Exercise: Exactly as they appear, please output the lines from the one with "9th infantry division V-Neck T-shirt" through the end of the material, without pictures.

Extracted material:

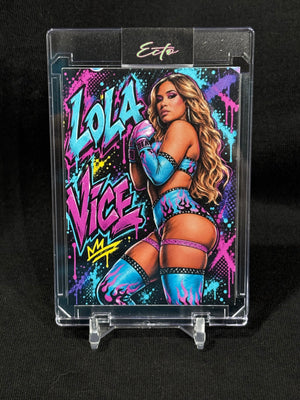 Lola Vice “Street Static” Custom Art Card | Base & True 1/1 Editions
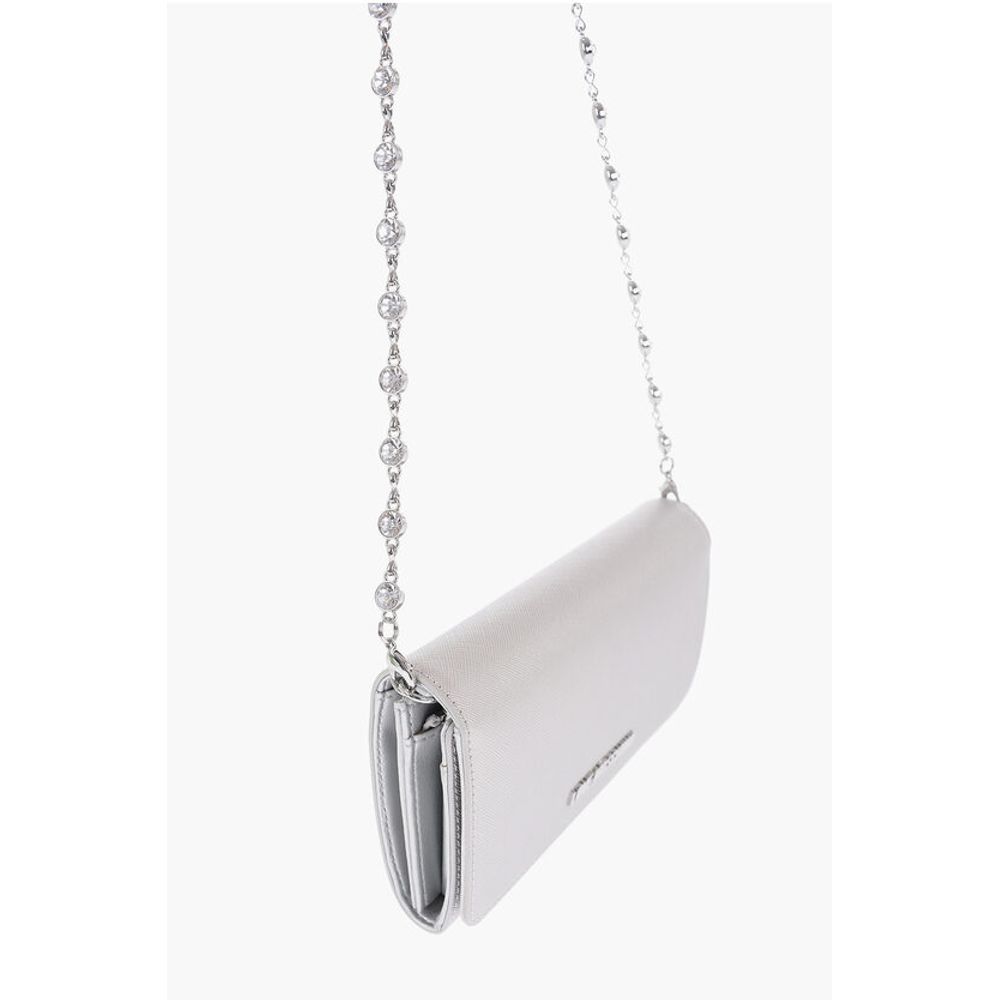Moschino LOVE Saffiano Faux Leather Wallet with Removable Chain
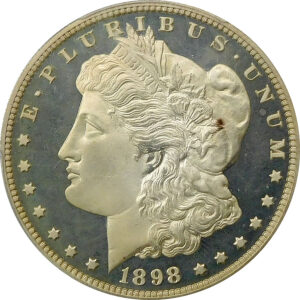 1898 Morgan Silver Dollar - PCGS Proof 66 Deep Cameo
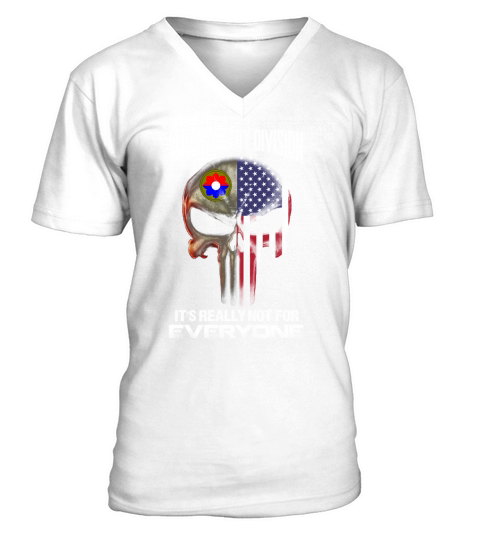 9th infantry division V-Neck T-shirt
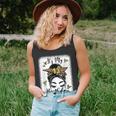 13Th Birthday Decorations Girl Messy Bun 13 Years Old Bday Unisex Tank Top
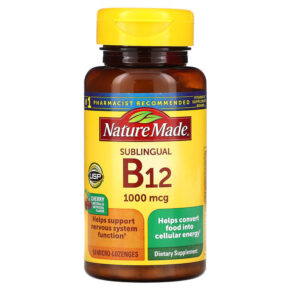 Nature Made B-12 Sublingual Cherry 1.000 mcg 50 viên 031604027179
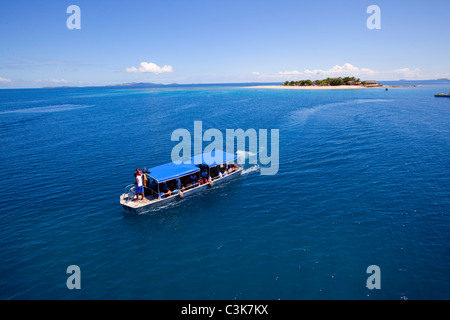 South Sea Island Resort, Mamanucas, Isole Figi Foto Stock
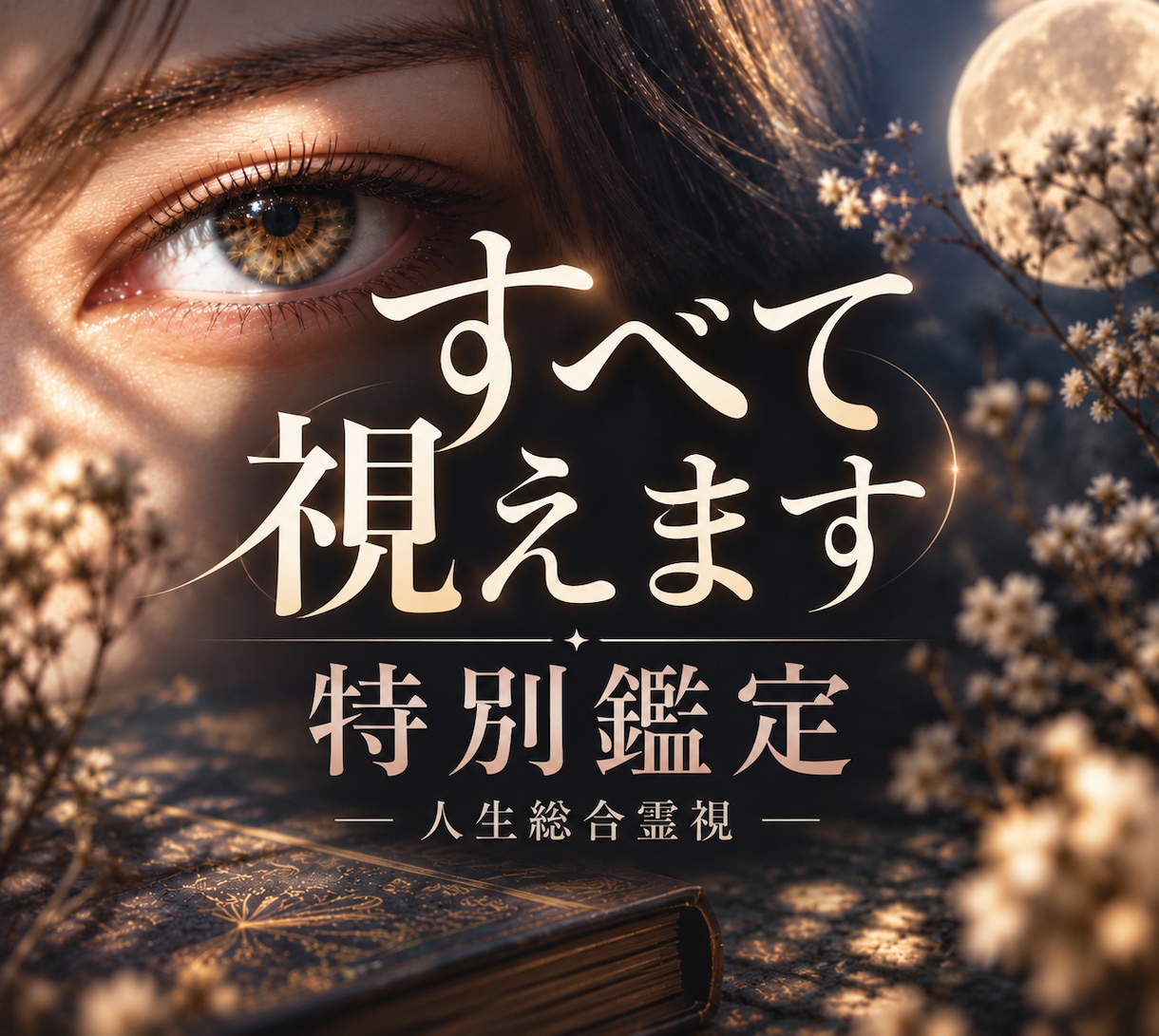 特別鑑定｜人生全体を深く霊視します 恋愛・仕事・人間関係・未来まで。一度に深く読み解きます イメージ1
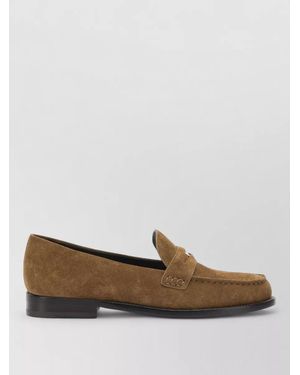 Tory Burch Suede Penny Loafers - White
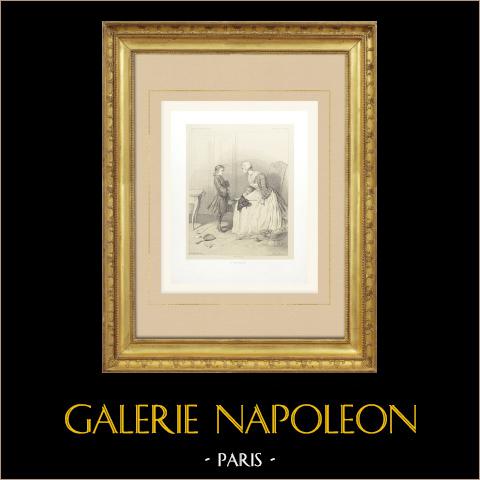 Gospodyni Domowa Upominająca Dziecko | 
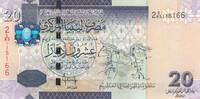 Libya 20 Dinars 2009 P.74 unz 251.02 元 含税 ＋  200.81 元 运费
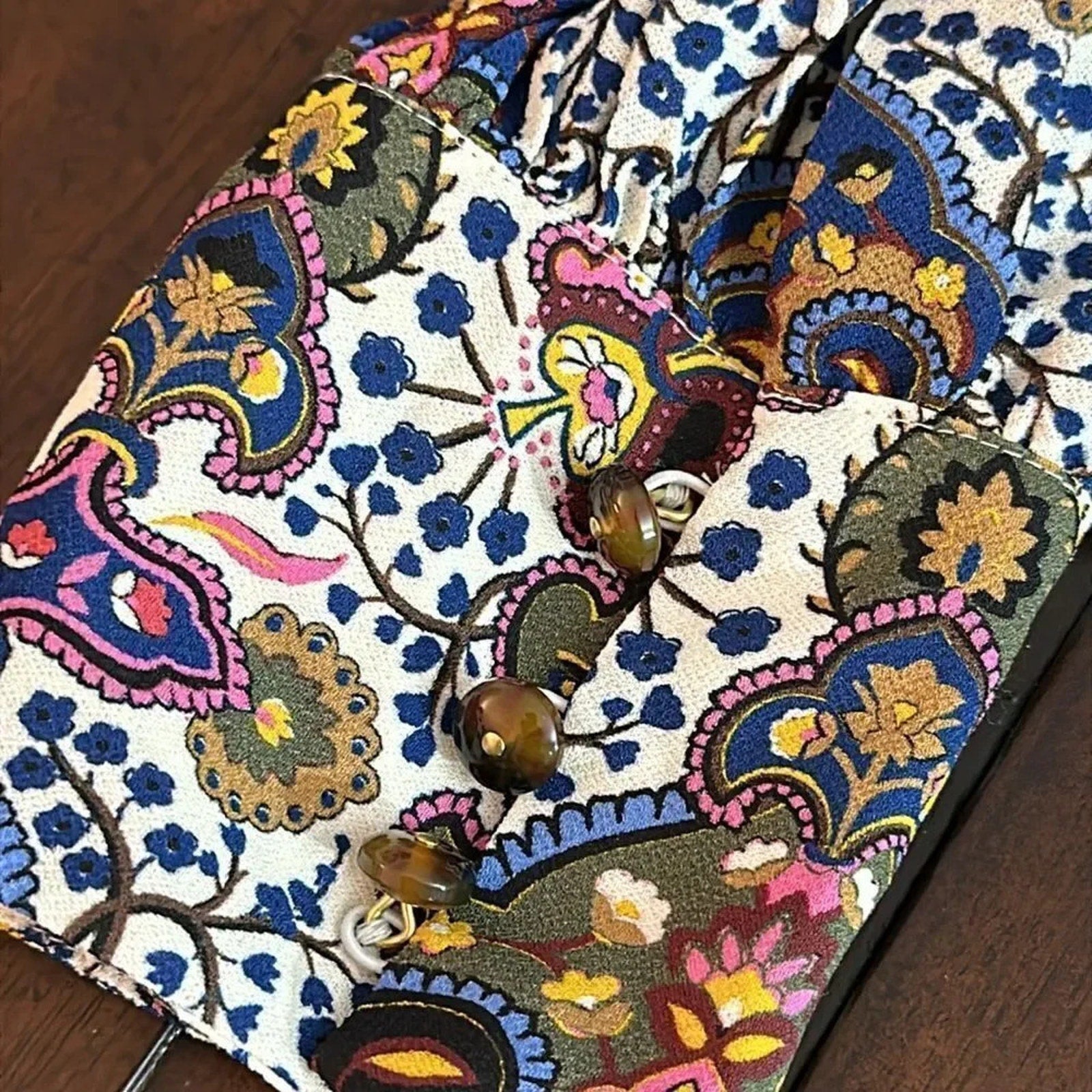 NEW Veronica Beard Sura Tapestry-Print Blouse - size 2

Output of the exercise:
 9th infantry division V-Neck T-shirt
 13Th Birthday Decorations Girl Messy Bun 13 Years Old Bday Unisex Tank Top
 Nature Made B-12 Sublingual Cherry 1.000 mcg 50 viên 031604027179
 South Sea Island Resort, Mamanucas, Isole Figi Foto Stock
 特別鑑定｜人生全体を深く霊視します 恋愛・仕事・人間関係・未来まで。一度に深く読み解きます イメージ1
 Tory Burch Suede Penny Loafers - White
 Gospodyni Domowa Upominająca Dziecko | 
 Libya 20 Dinars 2009 P.74 unz 251.02 元 含税 ＋  200.81 元 运费
 NEW Veronica Beard Sura Tapestry-Print Blouse - size 2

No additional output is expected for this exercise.